The structure is listed on the National Register of Historic Places. Lyle Otte, chairman of the Decorah Historic Preservation Commission, initially said his group would like the city to provide storage space to accommodate reclaimed materials from East Side should a community group buy the items for reuse locally.
Otte said there is interest in preserving the school's two towers, as well as some brick and wood.

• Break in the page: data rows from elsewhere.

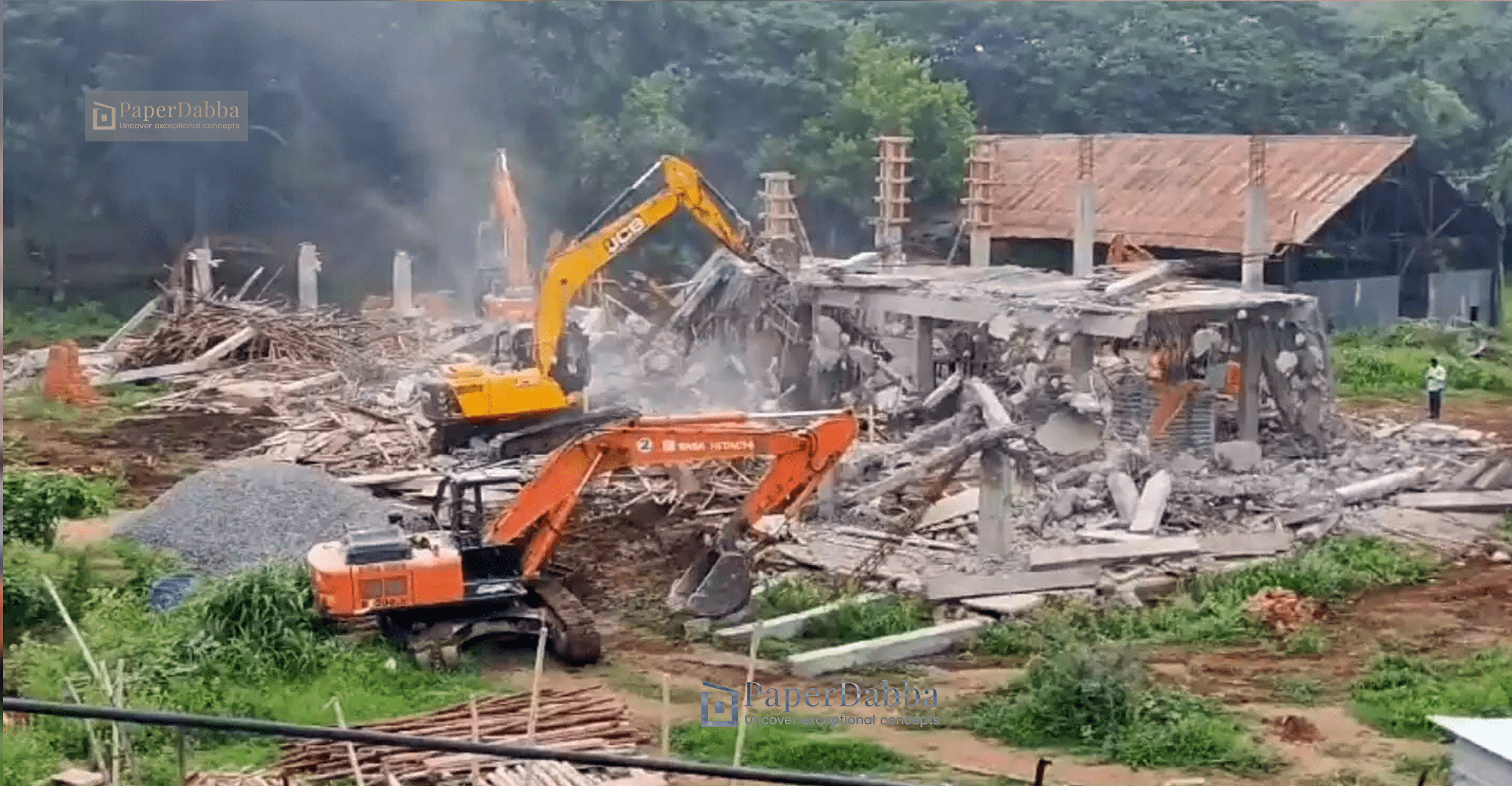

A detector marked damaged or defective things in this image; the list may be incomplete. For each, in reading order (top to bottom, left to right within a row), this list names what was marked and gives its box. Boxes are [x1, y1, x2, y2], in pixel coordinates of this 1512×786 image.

broken concrete beam [1107, 261, 1173, 297]
broken concrete beam [962, 376, 1010, 429]
broken concrete beam [1107, 469, 1137, 526]
broken concrete beam [1131, 469, 1173, 538]
broken concrete beam [1337, 466, 1427, 505]
broken concrete beam [1391, 490, 1512, 517]
broken concrete beam [1445, 456, 1494, 487]
broken concrete beam [1470, 456, 1506, 487]
broken concrete beam [1022, 538, 1198, 568]
broken concrete beam [1198, 532, 1294, 556]
broken concrete beam [919, 565, 1101, 602]
broken concrete beam [711, 593, 883, 641]
broken concrete beam [786, 617, 986, 677] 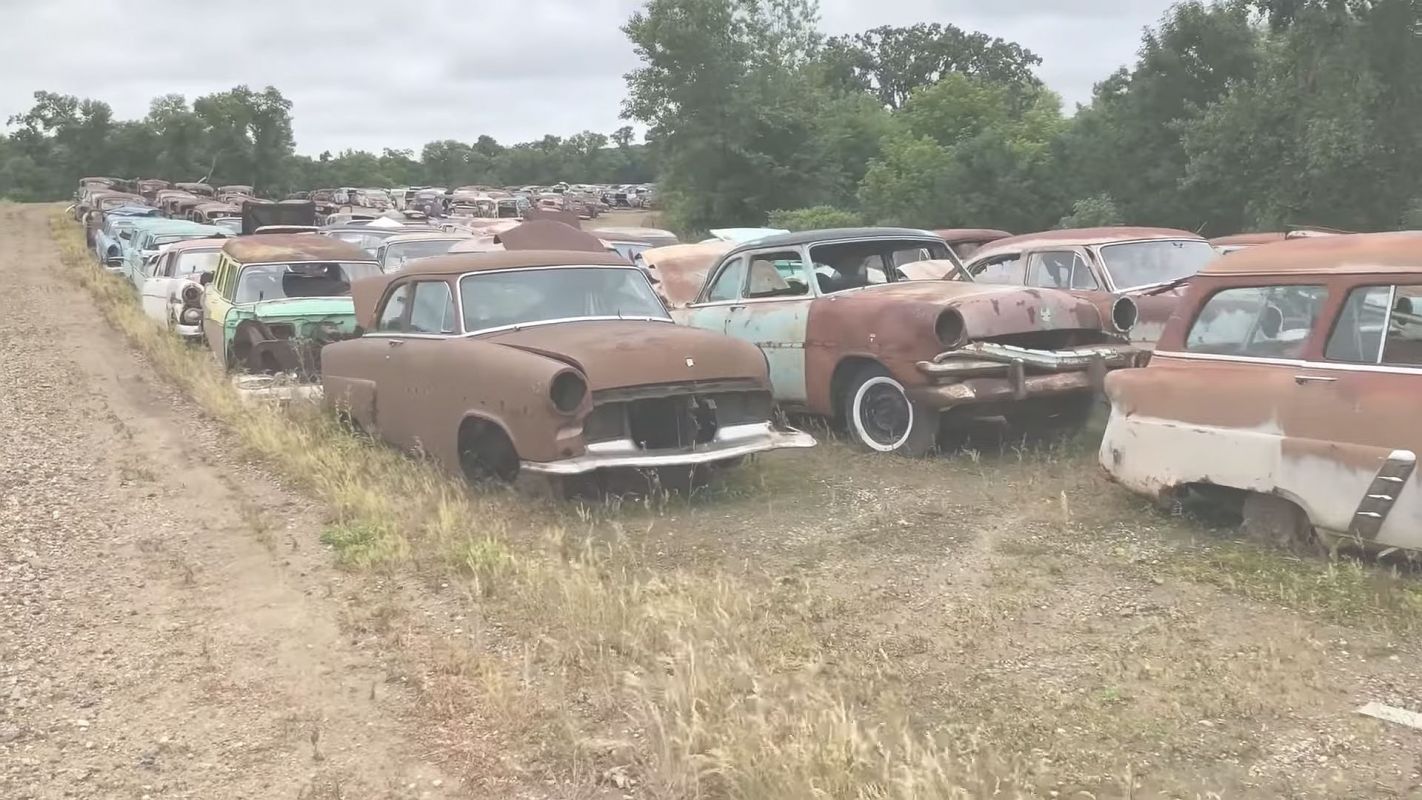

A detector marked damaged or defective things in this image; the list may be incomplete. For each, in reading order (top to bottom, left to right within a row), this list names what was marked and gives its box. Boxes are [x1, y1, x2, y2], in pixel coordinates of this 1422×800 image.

corroded car body [200, 236, 382, 376]
crushed car roof [222, 233, 372, 264]
rusted vintage car [322, 248, 812, 482]
corroded car body [322, 250, 812, 482]
brown rust patina [324, 250, 812, 484]
damaged front bumper [524, 424, 816, 476]
detached car door [724, 247, 812, 404]
rusted vintage car [664, 228, 1144, 454]
corroded car body [668, 228, 1144, 454]
brown rust patina [672, 228, 1144, 454]
rusted vintage car [936, 227, 1012, 260]
damaged front bumper [916, 342, 1152, 406]
brown rust patina [956, 228, 1216, 346]
rusted vintage car [964, 228, 1216, 346]
corroded car body [964, 228, 1216, 346]
brown rust patina [1104, 231, 1422, 552]
rusted vintage car [1104, 233, 1422, 552]
corroded car body [1104, 233, 1422, 552]
crushed car roof [1208, 230, 1422, 276]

He added some objects would need to be stored indoors.
Deborah Bishop, however, later said she secured an unused quarry to hold limestone brick and the school's landmark towers and is hopeful barns might be available to store wooden items.
Bishop added the company taking the building down would be "pleased" to reach an agreement with an entity interested in keeping the materials in the area, though everything inside the former school is marketable throughout the country.
"Our cost would be much less than it will be for someone else," Bishop said.
Bishop asked whether council members would consider helping buy the materials.
"It's an exciting idea -- being able to buy all the construction materials of the 100-year-old East Side School -- given we can't keep it standing," she said.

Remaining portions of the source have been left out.